* **YOUR GOAL**
Below are some entries. Repeat exactly the lines from the one with "Een Edding permanent" through the one with "XMSJH Wicker Dog", and only those.

*** Block opens ***

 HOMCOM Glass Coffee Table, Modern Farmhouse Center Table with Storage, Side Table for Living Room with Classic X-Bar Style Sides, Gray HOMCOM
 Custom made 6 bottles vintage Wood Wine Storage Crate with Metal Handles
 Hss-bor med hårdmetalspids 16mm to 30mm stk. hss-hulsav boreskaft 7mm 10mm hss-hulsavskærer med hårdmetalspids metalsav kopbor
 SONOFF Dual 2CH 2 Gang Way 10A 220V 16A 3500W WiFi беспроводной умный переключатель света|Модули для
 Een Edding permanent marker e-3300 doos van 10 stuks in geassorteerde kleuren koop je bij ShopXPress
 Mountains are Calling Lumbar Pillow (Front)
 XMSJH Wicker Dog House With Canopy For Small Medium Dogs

*** Block closes ***
*** Block opens ***

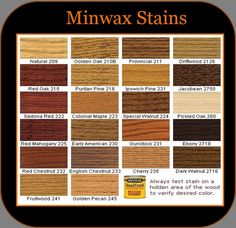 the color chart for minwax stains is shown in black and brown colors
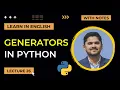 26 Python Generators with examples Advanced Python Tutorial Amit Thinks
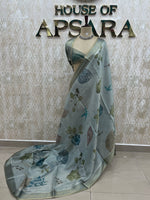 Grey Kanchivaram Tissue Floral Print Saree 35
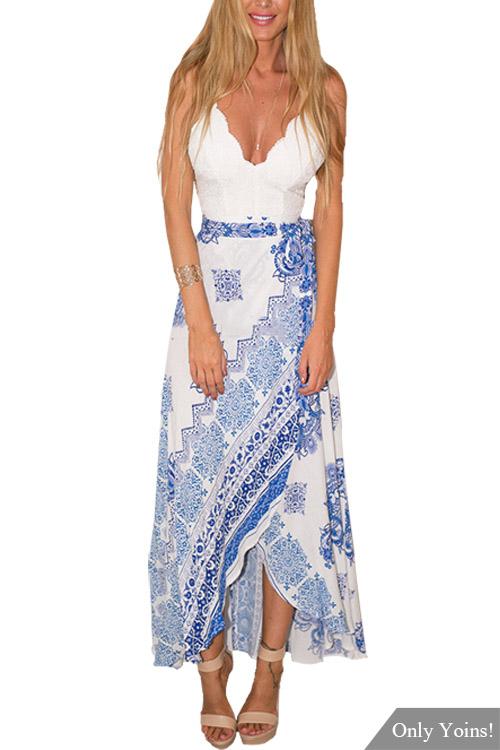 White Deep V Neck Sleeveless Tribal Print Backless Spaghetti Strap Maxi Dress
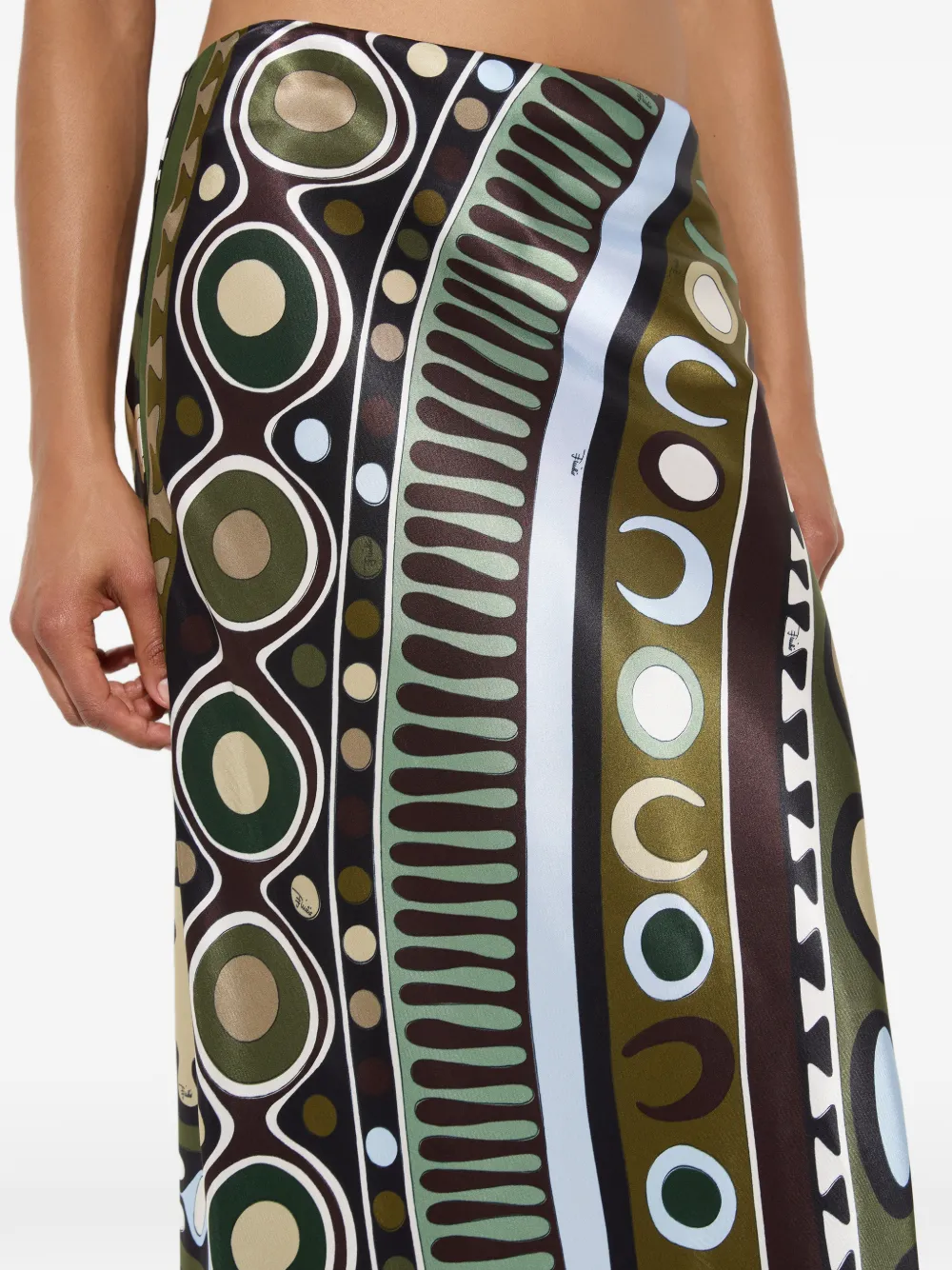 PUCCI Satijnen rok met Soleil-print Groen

*** Block closes ***
*** Block opens ***

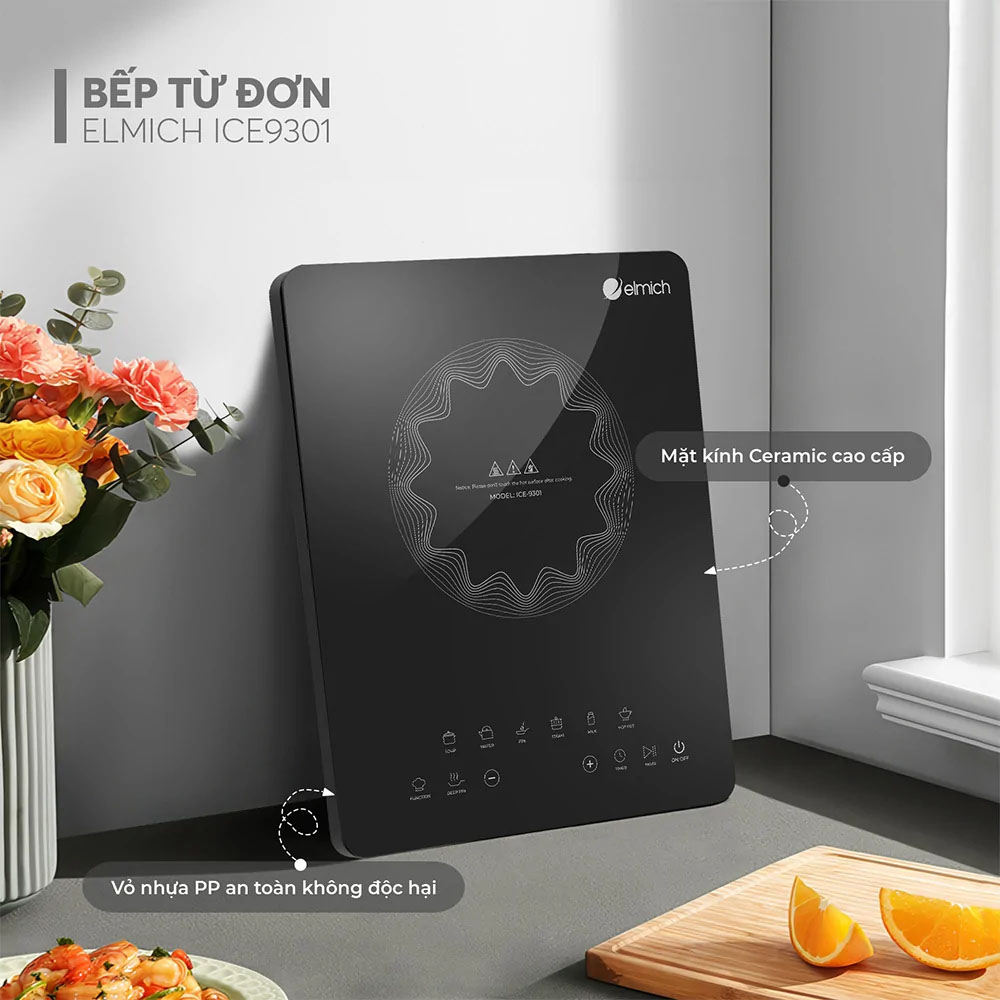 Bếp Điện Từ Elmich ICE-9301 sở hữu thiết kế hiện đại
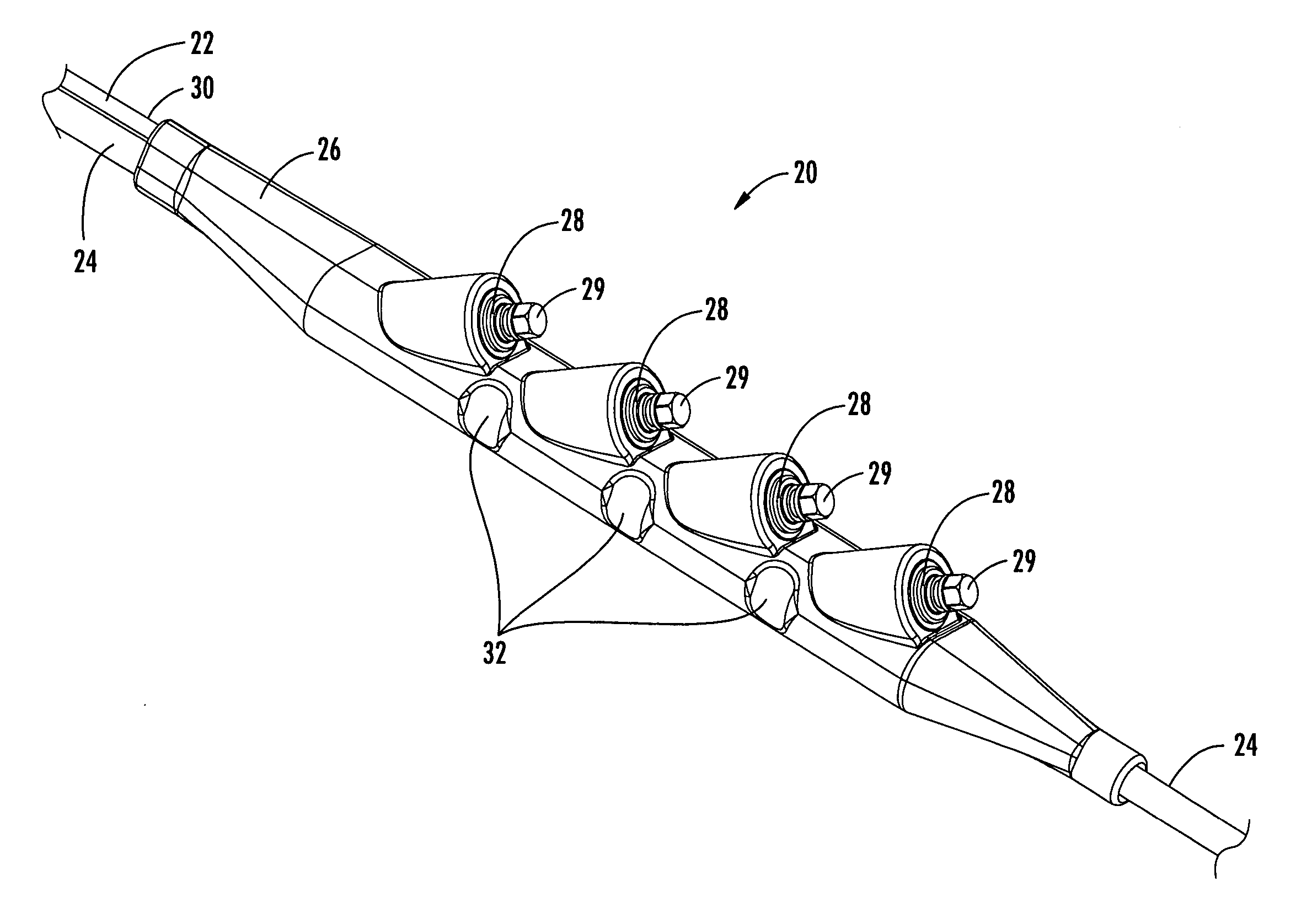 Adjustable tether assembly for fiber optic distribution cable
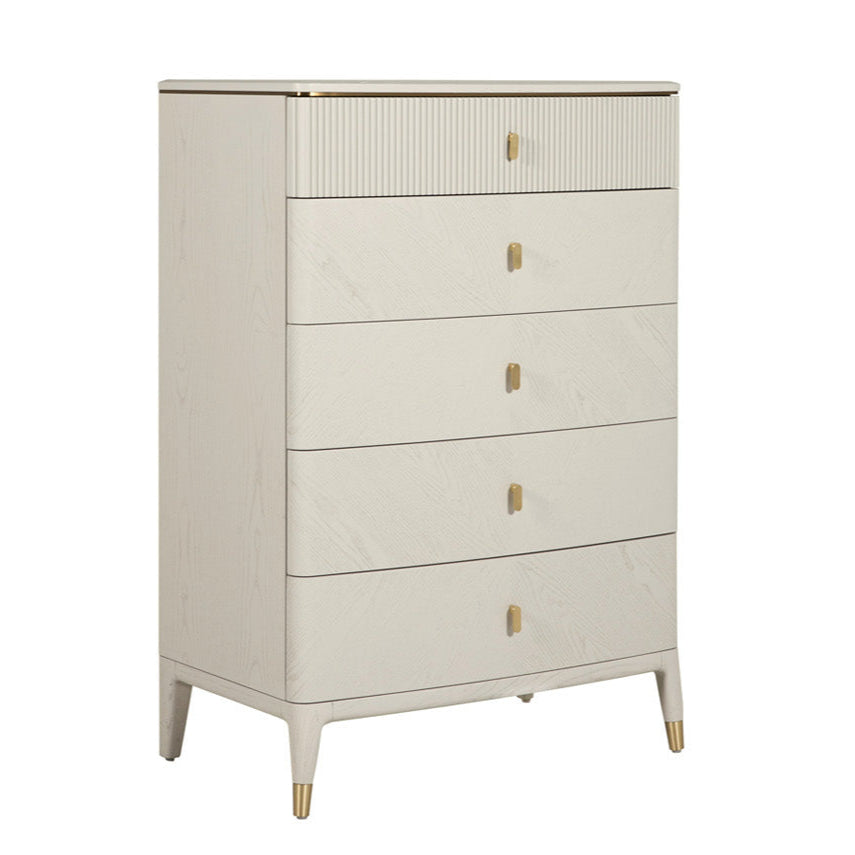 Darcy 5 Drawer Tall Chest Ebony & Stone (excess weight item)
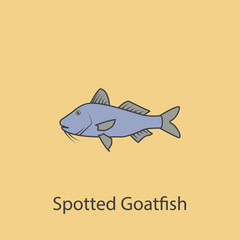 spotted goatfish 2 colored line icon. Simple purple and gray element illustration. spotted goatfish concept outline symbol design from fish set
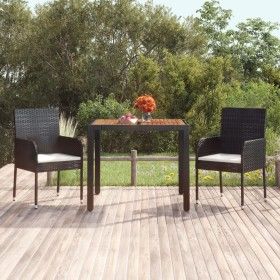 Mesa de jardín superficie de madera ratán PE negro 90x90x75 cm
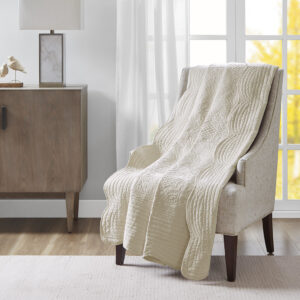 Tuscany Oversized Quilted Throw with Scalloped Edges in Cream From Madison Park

*** Block closes ***

* **EXERCISE ANSWER**
 Een Edding permanent marker e-3300 doos van 10 stuks in geassorteerde kleuren koop je bij ShopXPress
 Mountains are Calling Lumbar Pillow (Front)
 XMSJH Wicker Dog House With Canopy For Small Medium Dogs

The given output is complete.